Dove riposa la luce d'inverno


C’è una mattina d’inverno in cui la luce sembra esitare prima di entrare in casa. Rimane qualche istante oltre il vetro, trattenuta da un velo di ghiaccio sottile, quasi avesse bisogno di tempo per convincersi. Io la guardo arrivare pianissimo, come accade sempre al ritorno da un viaggio: un chiarore nuovo che prova a trovare il suo posto tra le abitudini di sempre.

È così ogni volta.

Torno da una città ,questa volta Parigi con le sue luci che resistono anche al cielo più grigio  e mi ritrovo in quello spazio sospeso che divide un viaggio dal successivo. Un tempo quieto, in cui le valigie sono già riposte ma i ricordi non si sono ancora decisi a sedimentare. È un passaggio lento, come l’inverno che inghiotte le giornate un po’ alla volta.

In questo intervallo, le parole diventano la mia bussola.
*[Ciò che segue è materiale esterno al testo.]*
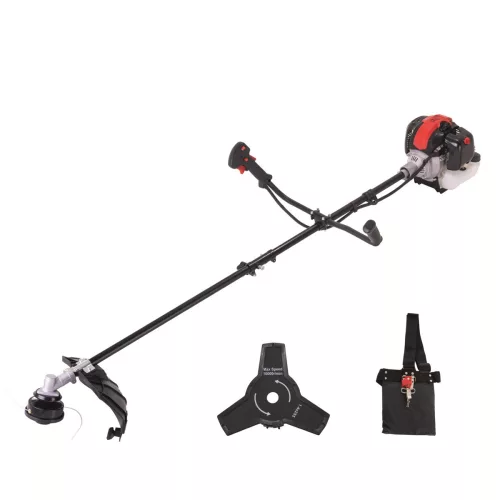 Scheppach PBC 520 benzinmotoros bozótvágó fűkasza 52 cm³, 43 cm damil, 3 fogú késsel
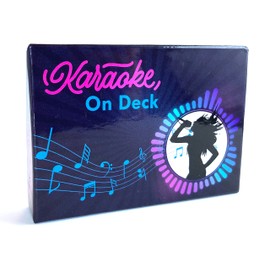 Karaoke On Deck - Karaoke Singing Card Game for Families, Friends, Adults, Kids. Great for Game Nights! Great for Groups! 2+ Players, All Ages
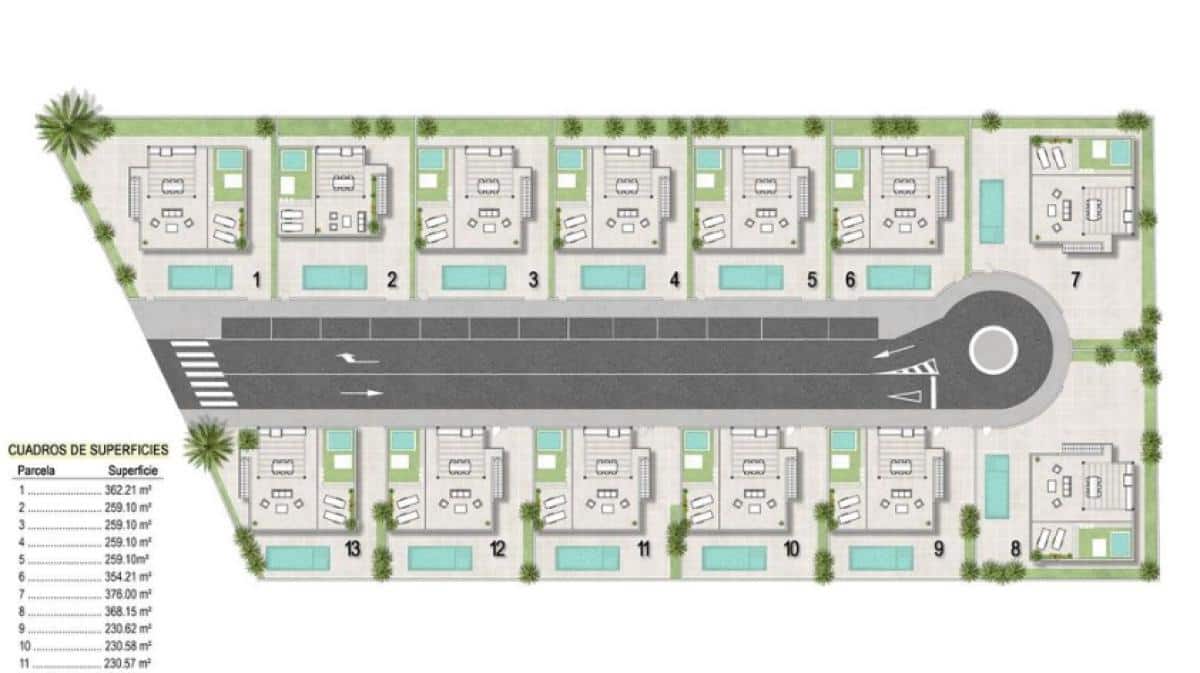 3 makuuhuone Huvila myytävänä paikassa Alhama de Murcia mukana uima-altaan 
autotalli - 305 000 € (Ref: 9544316)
Ripenso alle strade percorse, agli scorci annotati sul taccuino, alle voci incontrate per caso. I dettagli si accendono e si spengono come luci lungo un viale notturno, e io cerco di non perderli, come se da ognuno potesse nascere qualcosa. Una frase, un pensiero, un nuovo racconto.

Forse è questo che l’inverno sa fare meglio: custodire.

Custodisce ciò che abbiamo vissuto e apre spazio a ciò che verrà. E mentre preparo i prossimi itinerari mi accorgo che il viaggio comincia sempre molto prima della partenza. Comincia nelle parole che si affacciano, nelle immagini che tornano a bussare, nelle idee che cercano di farsi strada nel silenzio.

A volte basta una frase incontrata per caso, una riga che si accende come un fiammifero.

Parigi l’ha lasciata in un caffè quasi vuoto, l’inverno la trattiene qui, e chissà che non ritrovi la sua eco nel prossimo viaggio (lo so che siete curiosi di sapere dove andrò, ma tempo al tempo). 

I viaggi non sono isole separate: sono fili che si legano, e le parole li intrecciano con una luce tutta loro.

Così continuo a cercarla lì, la luce nelle storie che ho già vissuto e in quelle che sto per incontrare, nei giorni brevi che preparano quelli più lunghi, nel tempo immobile che esiste tra un viaggio e l’altro. 

È un chiarore timido, come il sole d’inverno, ma abbastanza forte da ricordarmi che ogni nuova partenza comincia sempre dalla stessa cosa: un pensiero che si illumina.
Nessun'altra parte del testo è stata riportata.